城間が駄々をこねる。まぁ、これは彼女なりの配慮だろう。バスケ部のマネージャーとして、レギュラー陣の緊張をほ
ぐすのも役目のうちの一つなのだから。菅井は少しだけ笑みを浮かべると、言った。

「村田から成海の武器、貰っただろ。お前の手榴弾だってある。これだけあれば、襲われても立派に反撃できるさ。
 大丈夫、また向こうで会おう」

「へへへ、やっぱりそっか。別にいいよ。あたしは一人で走って行く。二人で固まってると危ないからね。
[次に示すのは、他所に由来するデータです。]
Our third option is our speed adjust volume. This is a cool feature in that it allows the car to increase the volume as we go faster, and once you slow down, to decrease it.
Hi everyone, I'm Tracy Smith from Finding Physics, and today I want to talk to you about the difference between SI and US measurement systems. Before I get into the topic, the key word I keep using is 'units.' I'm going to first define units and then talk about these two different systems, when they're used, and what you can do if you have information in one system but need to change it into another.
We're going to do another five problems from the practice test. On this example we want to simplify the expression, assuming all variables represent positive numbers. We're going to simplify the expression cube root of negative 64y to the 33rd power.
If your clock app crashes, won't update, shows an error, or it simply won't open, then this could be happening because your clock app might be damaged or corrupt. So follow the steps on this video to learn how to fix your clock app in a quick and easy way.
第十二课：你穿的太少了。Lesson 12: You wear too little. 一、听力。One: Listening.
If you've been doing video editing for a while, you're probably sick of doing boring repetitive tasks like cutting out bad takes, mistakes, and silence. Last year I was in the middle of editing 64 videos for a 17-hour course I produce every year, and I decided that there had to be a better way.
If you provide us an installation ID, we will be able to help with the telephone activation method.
手榴弾だけ
 で充分、逃げ慣れてるからね」

城間も菅井同様笑みを浮かべると、デイパックから手榴弾を取り出した。それを、スカートに差し込む。いつでも投擲
できるようにする為だろう。そのいでたちを見ると、少しだけ恐ろしい片鱗が垣間見れた。

「……美加。一人で、大丈夫なのか?」

しかし、菅井はどうやら二人で向かわせる本当の目的は中峰にあったようだ。確かに、ずっと行動を共にしてきた仲
間を殺された今、まともに行動できると考える方がおかしい。だけど。
だからこそ、俺はそれを見越して、マシンガンを彼女に託したのだ。そうすれば、彼女は必ず一人で行動してくれる
筈。そう、信じて。

「……大丈夫。ユーヤの、マシンガンが……きっと守ってくれる」

「……そうか。襲われたら、無理はするな。生きることだけ考えるんだ」

中峰は、小さくコクンと頷いた。ぎゅっと、形見のマシンガンを握り締めるその光景も、少しだけ歪んで見えた。
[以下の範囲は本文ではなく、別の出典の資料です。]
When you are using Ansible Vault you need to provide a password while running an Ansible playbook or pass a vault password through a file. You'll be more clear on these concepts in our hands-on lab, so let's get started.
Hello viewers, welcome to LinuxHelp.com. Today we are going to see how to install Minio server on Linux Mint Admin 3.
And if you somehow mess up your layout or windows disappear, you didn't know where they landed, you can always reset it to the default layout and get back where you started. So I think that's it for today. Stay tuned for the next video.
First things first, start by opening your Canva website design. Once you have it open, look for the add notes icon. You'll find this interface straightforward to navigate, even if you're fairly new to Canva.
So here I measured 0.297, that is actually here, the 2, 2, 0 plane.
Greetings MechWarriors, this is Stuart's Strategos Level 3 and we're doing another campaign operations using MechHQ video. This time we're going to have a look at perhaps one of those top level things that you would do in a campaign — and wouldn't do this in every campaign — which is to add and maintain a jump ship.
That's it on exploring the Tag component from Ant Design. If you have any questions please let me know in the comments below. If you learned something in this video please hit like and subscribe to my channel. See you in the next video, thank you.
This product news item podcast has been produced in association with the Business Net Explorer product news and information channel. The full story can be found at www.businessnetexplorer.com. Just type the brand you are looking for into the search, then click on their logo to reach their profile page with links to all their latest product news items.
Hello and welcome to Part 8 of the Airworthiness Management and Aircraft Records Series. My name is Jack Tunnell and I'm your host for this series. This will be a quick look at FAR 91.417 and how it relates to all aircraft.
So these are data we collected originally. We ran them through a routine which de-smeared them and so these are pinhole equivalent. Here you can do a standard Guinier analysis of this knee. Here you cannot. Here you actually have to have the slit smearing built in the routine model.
「よし、村田。俺たちは最後に正面から堂々と出発する。それでいいな」

「……は?」

唐突に言われたその言葉に、俺は唖然とした。わざわざ、どうして正面から出る必要がある?
その質問こそ口には出さなかったが、菅井はどうやら感じ取ったらしい。やれやれと苦笑しながら、続けた。
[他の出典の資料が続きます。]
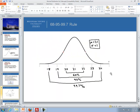You can sketch a normal distribution. If the mean is 21 and the standard deviation is 1, put 21 in the middle. One standard deviation away from the mean would be 20 and 22; 19 and 23 would be two standard deviations away; and 18 and 24 would be three standard deviations away. So 68% is contained within 20 and 22, 95% within 19 and 23, and 99.7% falls between 18 and 24.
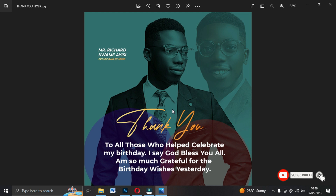Here is the final thank you flyer — amazing. You can send it to a friend or a client. That's the end of the video. Don't forget to like, comment, and let me hear your thoughts on this video. Thank you and see you in the next video, bye!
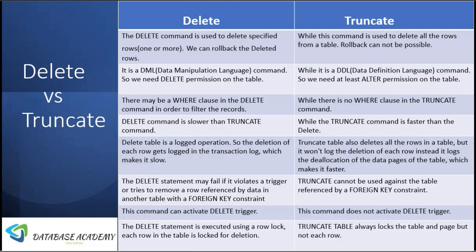DELETE command can activate DELETE triggers — if we have any DELETE triggers defined, they will fire while deleting the records. The TRUNCATE command does not fire or activate DELETE triggers.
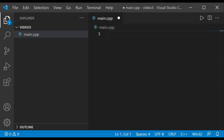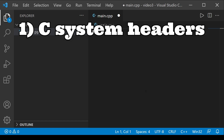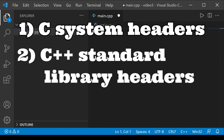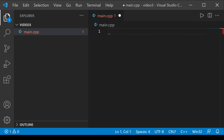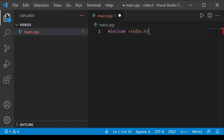When we include statements, they give us access to functionality from header file libraries. The rule of thumb is to include statements at the beginning of each C++ file. There are three kinds of include header files: the first are called C system headers, the second are C++ standard library headers, and the third are user-defined library headers. An example of a C system header is '#include <stdio.h>', which is very common in the C language.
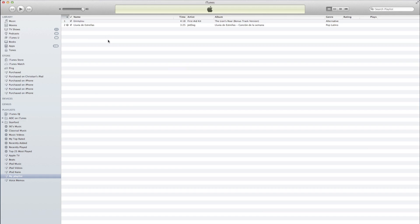Once you've done this, click Sync. There you have it. That's how to check for missing songs within iTunes. As always, guys, thanks for watching.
「俺たちでその襲撃者を倒していくんだよ。その方が効率がいいだろ?」

「あぁ、なるほど」

 そんな襲撃者は、いない。そんなことは、口が裂けても言えなかった。
 だって。成海佑也を殺した本人は、お前の目の前にいるんだから。

 俺は顔が笑ってしまうのを、必死に堪えた。
 まさか、こんなに簡単に全員を騙せてしまうとは思わなかったからだ。

 成海、見てるか。どうやら神様は、俺に味方してくれたらしいぞ。